Bantuan internasional yang sampai ke wilayah ini sangat minim.
Tenaga kesehatan di Suriah kekurangan orang
Kebanyakan dari korban gempa dibawa ke rumah sakit Bab al-Hawa, yang didukung oleh Organisasi Medis Amerika-Suriah.
Mereka menangani 350 pasien setelah gempa terjadi, kata ahli bedah umum Dr Farouk al Omar kepada saya. Semua perawatan dilakukan hanya dengan satu alat ultrasonografi.
Saat saya bertanya tentang perihal bantuan internasional kepadanya, dokter itu hanya menggelengkan kepala dan tertawa.

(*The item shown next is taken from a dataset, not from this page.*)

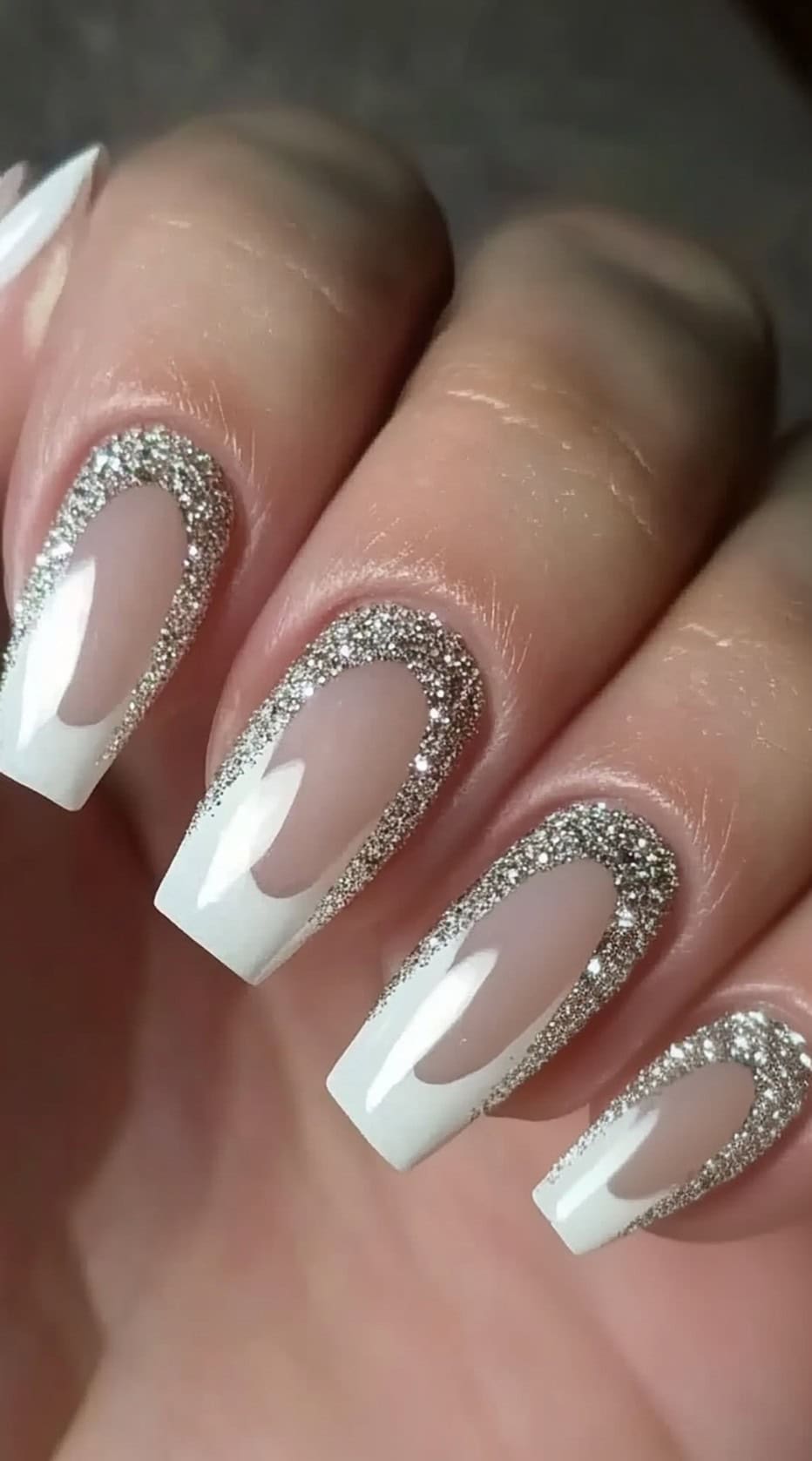 Square-shaped nails with a sheer pink base, white tips, and a sparkling silver glitter outline.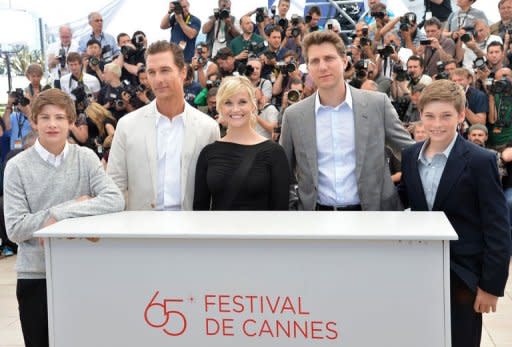 (From L) US actors Tye Sheridan, Matthew McConaughey and Reese Witherspoon, director Jeff Nichols and actor Jacob Lofland pose during the photocall of their film "Mud" presented in competition at the 65th Cannes film festival. Cannes moored up on the Mississippi on Saturday with "Mud", a Huckleberry Finn-like tale about two boys, a fugitive, and the search for true love that wrapped up the race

“Kami tidak bisa membicarakan lagi topik itu. Kami sudah banyak menyuarakan itu. Tetapi tidak ada yang terjadi. Bahkan dalam kondisi normal, kami tidak memiliki jumlah petugas yang cukup.
“Bayangkan saja bagaimana kondisi nantinya seperti apa setelah gempa,” ujar sang dokter.
Di ujung koridor, seorang bayi mungil berbaring dalam inkubator. Bayi itu Mohammad Ghayyath Rajab. Kepalanya memar dan diperban, dan dadanya yang kecil naik turun berkat alat bantu pernapasan.
Para dokter belum bisa memastikan, tetapi mereka memperkirakan umur bayi itu sekitar tiga bulan.
Kedua orang tuanya tewas dalam gempa bumi, dan seorang tetangga menemukannya menangis sendirian dalam kegelapan di reruntuhan rumahnya.
Kondisi Kota Harem, di Suriah setelah gempa
Di Kota Harem, anak-anak mengangkat bebatuan.
Penduduk Suriah mengatakan mereka telah berkali-kali dilupakan, dan mereka memberitahu saya bahwa mereka sudah terbiasa diabaikan. Tetapi masih ada perasaan marah karena tidak ada bantuan tambahan yang datang.
Di Kota Harem, Fadel Gahab telah kehilangan tante dan saudaranya.
“Bagaimana bisa PBB hanya mengirim 14 truk pembawa peralatan pertolongan?” ia bertanya. “Kami tidak menerima apa-apa di sini. Orang-orang terlantar di jalanan.”
Sekarang sudah bertambah jumlah bantuan yang masuk ke Suriah, tapi masih kurang dan terlalu sedikit, terlalu terlambat.
Dengan tidak adanya tim penyelamat internasional di Harem, anak-anaklah yang memindahkan puing-puing.
Seorang pria dan dua anak laki-laki menggunakan pendongkrak mobil untuk memisahkan sisa-sisa bangunan runtuh, dengan hati-hati memindahkan pakan ternak ke dalam selimut.
Hidup tidak lebih hemat di Suriah, tetapi lebih genting.
Hari itu sudah sampai pada penghujung dan saya harus pulang. Saya melewati perbatasan kembali ke Turki dan tak lama kemudian terjebak kemacetan yang dipadati ambulans dan peralatan konstruksi.
Kemacetan itu lahir dari ramainya respons dari dunia internasional maupun pihak nasional.
Ponsel saya berbunyi dengan pesan dari penyelamat Turki yang memberi tahu saya bahwa timnya menemukan seorang perempuan hidup setelah 132 jam terkubur di bawah rumahnya.
Sementara di Suriah, saat langit berubah menjadi gelap, hanya ada keheningan.